Sir, - Prof. Jean Dreze's article ``Kashmir: manufacturing ethnic conflict'' (TheHindu, March 29) serves to confuse rather than clarify the parameters of the Kashmir dispute and even makes certain simplistic statements. The issue has remained without a solution since the Partition.

It is not very fair on the part of Prof. Dreze to contend that ``the present stand of the Indian Government is a trifle contradictory''. India has always rejected third party mediation and focussed on resolving the issue bilaterally - as is evidenced in the Simla Agreement and the Lahore Declaration. That Pakistan went back on the spirit of the Agreement and the Declaration is another matter.

Prof. Dreze seems to conveniently lose sight of the fact that Pakistan-trained terrorists and religious fundamentalists have, over the years, infiltrated into Kashmir to sow seeds of disaffection aiming at subversion.

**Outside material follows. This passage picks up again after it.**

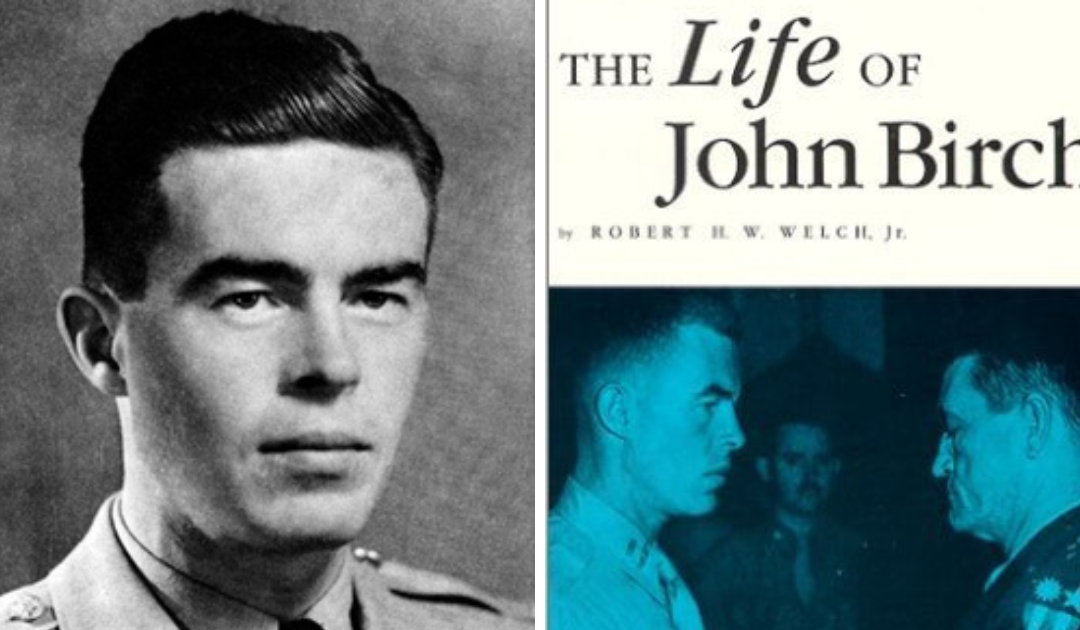 A New Review for an Old Book: ‘The Life of John Birch’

If our military and paramilitary forces are increasingly becoming visible all over Kashmir, it is only to meet the exigencies of the geo-political realities as they are today.

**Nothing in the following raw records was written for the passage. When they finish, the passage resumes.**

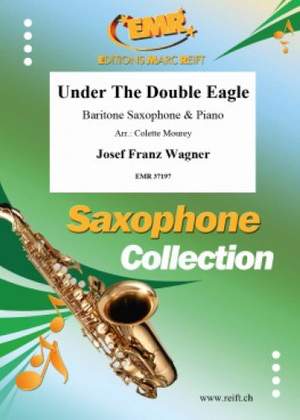 Wagner, Josef: Under the Double Eagle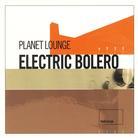 Planet Lounge - Electric Bolero
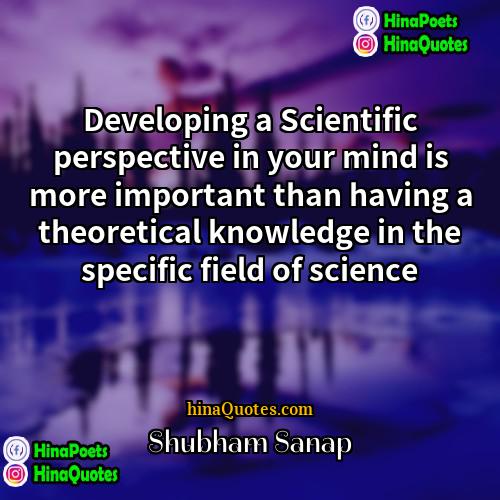 Shubham Sanap Quotes | Developing a Scientific perspective in your mind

One joins issue with Prof. Dreze on his observation that Kashmir is treated like a colony by India. Is he not aware that elections are held there from time to time ensuring that they are always fair? Prof. Dreze observes that ``when Pakistan approaches India for talks it is told that Kashmir is an internal matter''. This is a distortion. What else does he expect India to state in a dispute situation? How does he look at the parameters of the Simla Agreement and the Lahore Declaration?

Prof. Dreze states that India has attempted to entice the people of Kashmir. What India has attempted is to provide socio-economic development to a State with felt-needs and not to fool the people.

It is unfortunate that his tete-a-tete with some home-bound paramilitary personnel during a train journey and talks with residents of some far-flung areas of Kashmir should have led to his revising some of his perceptions relating to the politics and people of Kashmir in relation to the Kashmir strategy of the Government.

K. John Mammen,

Thiruvananthapuram

Sir, - Prof. Jean Dreze's article reveals the unimaginative stand of the Central Government and its over-reliance on security forces to bring about peace in Kashmir. The Centre would do better by engaging the various political outfits in an honest dialogue than by pumping muscle power into a State administration that is largely regarded as its stooge.

Finally, if Kashmir continues to be an intra-national and international mess too complex for simple solutions then it is time to allow ``new ideas to proliferate and not weapons'' as Mr. Clinton said in his recent visit to this country.

The bottom line is: If Kashmir means so much to us that we keep sacrificing so many of our soldiers there, then it is up to us to sell the Kashmiris a vision of Kashmir in India that would enthuse them about Indian Statehood. Who knows, the people of Pakistan occupied Kashmir too would clamour for it, if we can prove that our concern for preserving democratic traditions is real.